The New York Times
By WARREN HOGE
UNITED NATIONS, Oct. 7 - Secretary General Kofi Annan recommended to the Security Council on Friday that talks begin without delay on the future of Kosovo, with independence for an option.
"The question of independence is on the table, the question of autonomy is on the table," he told reporters in Bern, Switzerland. "We will discuss all that with Belgrade, with Pristina, with neighboring countries and other interested countries."
He said he was acting after receiving a report three days ago from his special envoy to Kosovo, Kai Eide of Norway, on the province's progress in meeting standards of democracy and minority rights.
Mr. Eide's report said progress had been made in establishing civic, judicial and legislative bodies, public services and economic structures. But it said property rights, which it identified as a key element in settling Kosovo's ethnically divided society, "are neither respected nor ensured."
Debilitating ethnic tensions remain high, with the majority ethnic Albanians doing little to reassure minority Serbs, the report said.
"The Kosovo Serbs fear that they will become a decoration to any central-level political institution with little ability to yield tangible results," the report said. "The Kosovo Albanians have done little to dispel it." Kosovo is a province of Serbia now under United Nations supervision.
Nevertheless, the report says, nothing will be gained by putting off decisions any longer. "There will not be any good moment for addressing Kosovo's future status; it will continue to be a highly sensitive political issue," the report says. "Nevertheless, an overall assessment leads to the conclusion that the time has come to commence this process."
Mr. Annan said he would be naming "in a very short time" a new person to lead the coming talks. "What's important," he said, "is that talks begin soon."
The Security Council is to take up the question on Oct. 24, and diplomats predicted that the talks would begin before the end of the year.

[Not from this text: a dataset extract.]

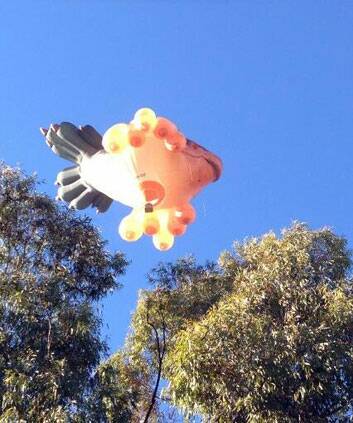 ACT Government official Jeremy Lasek tweeted this photo of Skywhale's flight.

Kosovo's United Nations governor, Soren Jessen-Petersen of Denmark, has indicated that negotiations would be conducted on a shuttle basis between Belgrade, the Serbian capital, and Pristina, the capital of Kosovo.
Kosovo has been run by the United Nations and protected by NATO peacekeepers since 1999, when a NATO bombing campaign halted Serbia's repression of ethnic Albanians, which followed an uprising by Albanian guerrillas.
Ethnic Albanians, who make up 90 percent of Kosovo's two million people, hope that the discussions will mark the final step toward seceding from Serbia and Montenegro, the union that joins the remaining republics of the former Yugoslavia.
Serbia is adamantly opposed to such an outcome. Half of Kosovo's 100,000 Serbs live in NATO- protected enclaves, and Serbian officials have argued that this is evidence that there have not been sufficient advances in minority rights.
They also point to mass rioting in March 2004, when 50,000 ethnic Albanians took part in a three-day wave of attacks on Serbs and other minorities, resulting in 19 deaths. Four thousand people were driven from their homes.
In Washington, R. Nicholas Burns, the under secretary of state for political affairs, said the United States "fully supports" Mr. Annan's decision and would be "centrally involved" in the negotiations. He said Washington would assign an American envoy to follow the discussions and help the two sides resolve the status of the province.
Calling the current political arrangement unsustainable, Mr. Burns said: "The people of the region have a right to know that they have a future and that they can control that future. And whether or not that future is of continued association with Serbia-Montenegro or the future is of independence, that is not a decision for the United Nations or the United States or any of the European countries to make."